Wednesday, December 12, 2012

One of My Favorite Carols

I have several favorite Christmas carols. Some I like for their message, others for the memories I've attached to them. I Heard the Bells on Christmas Day is one I love for the history behind it:

"I Heard the Bells on Christmas Day" was the outpouring of the heart of Henry Longfellow after experiencing the tragic death of his wife Fanny and then the crippling injury of his son Charles from wounds suffered after he secretly ran away to join the Civil War effort. 

Henry married Frances Appleton on July 13, 1843 and they settled down in Cambridge, Massachusetts. They were blessed with the birth of their first child, Charles, on June 9, 1844 and eventually the Longfellow household numbered five children: Charles, Ernest, Alice, Edith, and Allegra. 
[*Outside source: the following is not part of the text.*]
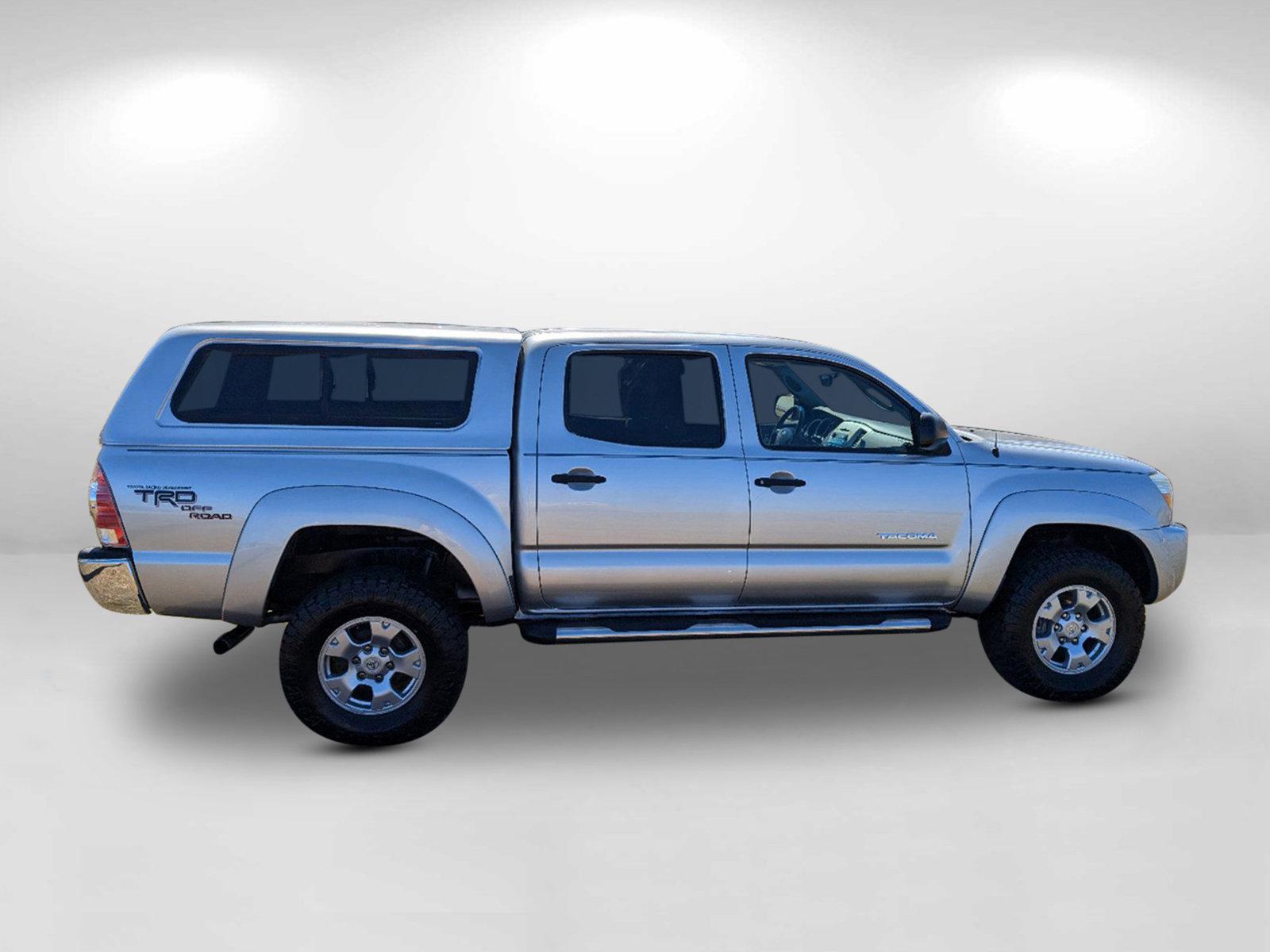 2007 Toyota Tacoma (3TMLU42NX7M) with an Gas V6 4.0L/241 engine, located at 3959 U.S. 80 W, Phenix City, AL, 36870, (334) 297-4885, 32.469296, -85.135185 - 2007 Toyota Tacoma - Photo#9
Tragedy struck both America and the Longfellow family in 1861. The opening  of the American Civil War on April 12th and Fanny Longfellow was fatally burned in an accident on July 10th. The day before the accident, Fanny Longfellow recorded in her journal: "We are all sighing for the good sea breeze instead of this stifling land one filled with dust. Poor Allegra is very droopy with heat, and Edie has to get her hair in a net to free her neck from the weight." 

After trimming some of seven year old Edith's curls, Fanny decided to preserve the clippings in sealing wax. Melting a bar of sealing wax with a candle, a few drops fell upon her dress. The material of Fanny's dress ignited, immediately wrapping her in flames. She ran to Henry in the next room, where he frantically attempted to extinguish the flames with a nearby throw rug. Failing to stop the fire with the rug, he tried to smother the flames by throwing his arms around Frances. He severely burned his face, arms, and hands. Fanny Longfellow died the next morning. Too ill from his burns, Henry did not attend her funeral. 
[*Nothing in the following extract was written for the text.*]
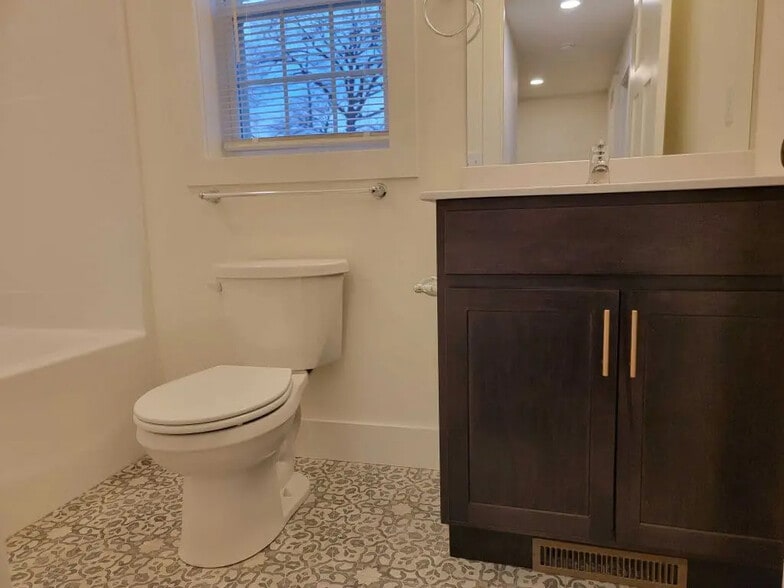 Building Photo - 16 Burk Ct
The first Christmas after Fanny's death, Longfellow wrote in his journal, "How inexpressibly sad are all holidays." A year after the incident, he wrote, "I can make no record of these days. Better leave them wrapped in silence. Perhaps someday God will give me peace." Longfellow's journal entry for December 25th 1862 reads: "'A merry Christmas' say the children, but that is no more for me." Almost a year later, Longfellow received word that his oldest son Charles, a lieutenant in the Army, had been severely wounded with a bullet to his spine. The Christmas of 1863 was silent in Longfellow's journal. Finally, on Christmas Day of 1864, he wrote the words of the poem, "Christmas Bells." 

I Heard the Bells on Christmas Day
Their old familiar carols play,
And wild and sweet the words repeat
Of peace on earth, good will to men.

I thought how, as the day had come,
The belfries of all Christendom
Had rolled along the unbroken song
Of peace on earth, good will to men.

And in despair I bowed my head:
"There is no peace on earth," I said,
"For hate is strong and mocks the song
Of peace on earth, good will to men."

Then pealed the bells more loud and deep:
"God is not dead, nor doth he sleep;
The wrong shall fail, the right prevail,
With peace on earth, good will to men."

Till, ringing singing, on its way,
The world revolved from night to day,
A voice, a chime, a chant sublime,
Of peace on earth, good will to men!

The message of hope held within the final two stanzas is one, while Longfellow intended to reflect the outcome of the Civil War, can be applied to America and our hearts today.